Attacking the prenuptial agreement
States that haven’t adopted the Uniform Premarital Agreement Act
If your state has not adopted a law known as the Uniform Premarital Agreement Act, the enforceability of your premarital agreement depends on the common law. The common law is found in judicial opinions and varies somewhat from state to state. Some general comments about the common law, however, can be made. Generally, at common law, to uphold a premarital agreement, a trial court must find that the agreement is “fair and reasonable.”
Economic provisions in the agreement that disproportionately favor one party is one factor a trial court can consider in making this determination. However, usually there is no requirement that the spouses be left in equal or similar economic condition to render an agreement enforceable.
To the contrary, a premarital agreement often remains valid and enforceable under the common law even where the challenging spouse is left in disproportionate economic circumstances, if the agreement otherwise makes “adequate financial provisions,” for the spouse on the shorter end of the economic stick. In fact, many of the reported cases challenging the fairness and reasonableness of a premarital agreement have involved not disproportionate economic circumstances solely, but rather disproportionate economic circumstances combined with waivers of alimony.
Courts have found adequate financial provisions in cases where alimony has been waived altogether, where provisions for alimony are tied to the number of years of the marriage, and also where provisions for indexed (based upon length of marriage) alimony awards are made. In these cases, the inquiry, under the common law, was to determine whether or not the challenging spouse was at risk of becoming a “public charge” by having been reduced to a state of penury by some “untoward circumstance” not contemplated by the parties that requires the court to reexamine the issue of alimony.
The general rule of law that arises out of all of these cases is that the condition of penury contemplated by the law requires more than a “mere change” in economic fortune since the execution of the premarital agreement. Simply not being able to enjoy an affluent lifestyle any longer is usually not sufficient.
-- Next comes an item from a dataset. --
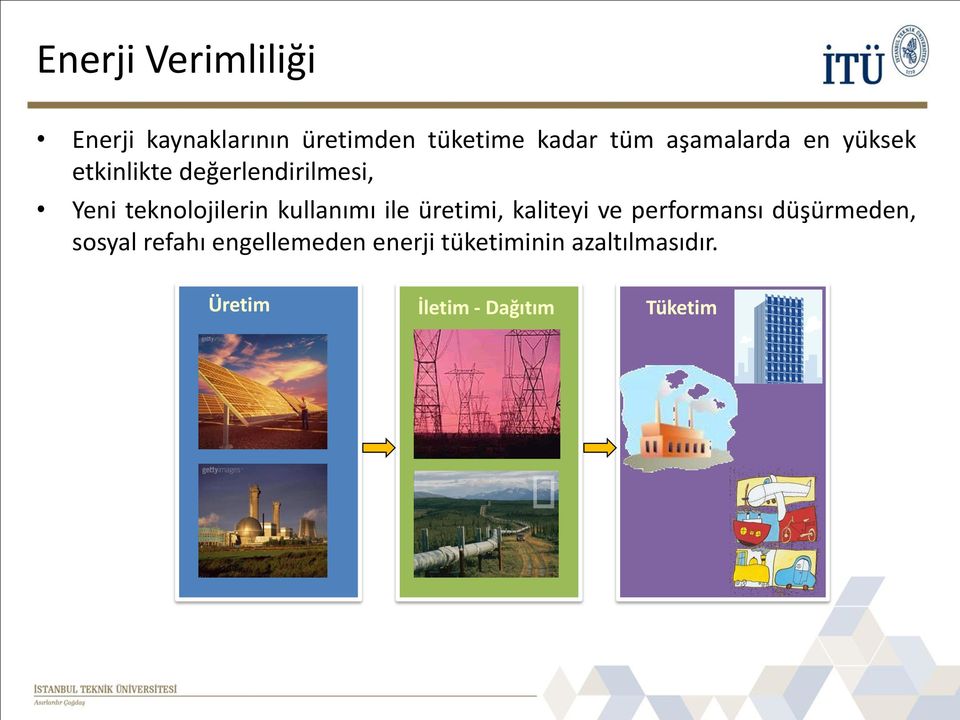 kullanımı ile üretimi, kaliteyi ve performansı düşürmeden, sosyal refahı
Sometimes the condition of penury required to have arisen is because of a “catastrophic” event, such as illness or severe mental or physical impairment.
States that have adopted The Uniform Premarital Agreement Act
Under the Uniform Premarital Agreement Act, the agreement must be in writing to be enforced and the Uniform Act now specifically spells out the types of matters parties to a marriage can include in their premarital agreements, including, specifically, waivers of maintenance.
Although just about anything not criminal or in violation of public policy now goes, no provision adversely affecting a child’s right to support can be included.
Section 6 of the Uniform Act governs the enforceability of premarital agreements and establishes three possible challenges to an otherwise apparently valid agreement. They are:
(1) The agreement was not executed voluntarily.
(2) The agreement was unconscionable when executed, and prior to execution there was no fair and reasonable disclosure, the party didn’t waive disclosure in writing, and the party did not or reasonably could not have had adequate knowledge of the other’s financial situation.
(3) The elimination of spousal support causes one party to be eligible for public assistance.
The Uniform Act apparently continues the common law practice of treating property and maintenance provisions as separately enforceable in premarital agreements. Even if the court determines that relief from an alimony waiver is necessary, the relief granted is in the form of alimony, only. The property provisions remain in full force and effect unless set aside on some separate challenge under the other provisions of section 6.
Unconscionability under the Uniform Act.
The Uniform Act spells out in specific detail the findings that the court must make in order to render an agreement unenforceable due to unconscionability. The fact that an agreement favors one party over another does not render it unconscionable.
In additional to unconscionability, the challenging party must prove that he or she also meets these three statutory factors:
(1) He or she was not provided a fair and reasonable disclosure of the property or financial obligations of the other party;
(2) He or she did not voluntarily and expressly waive, in writing, any right to disclosure of the property or financial obligations of the other party beyond the disclosure provided; and
(3) He or she did not have, or reasonably could not have had, an adequate knowledge of the property or financial obligations of the other party.
Clearly this is a more difficult burden of proof than simply attempting to show that the agreement was not fair and reasonable, which by itself is a fairly difficult burden to meet. A party must not only show he did not have an adequate knowledge of the other party’s property or financial obligations but that he “reasonably” could not have received this information from some other source. This will be difficult to prove when the parties either lived together, or had some economic intertwinement before their marriage.
Modifications to Uniform Act
The Uniform Act has made it significantly more difficult to challenge prenuptial agreements. As a result, some states have modified Section 6. They have made it easier for a disenfranchised spouse to challenge a waiver of alimony. The spouse need prove only unforeseen “undue hardship”, as opposed to the Uniform Act’s burden of proving that one is reduced to being a public charge.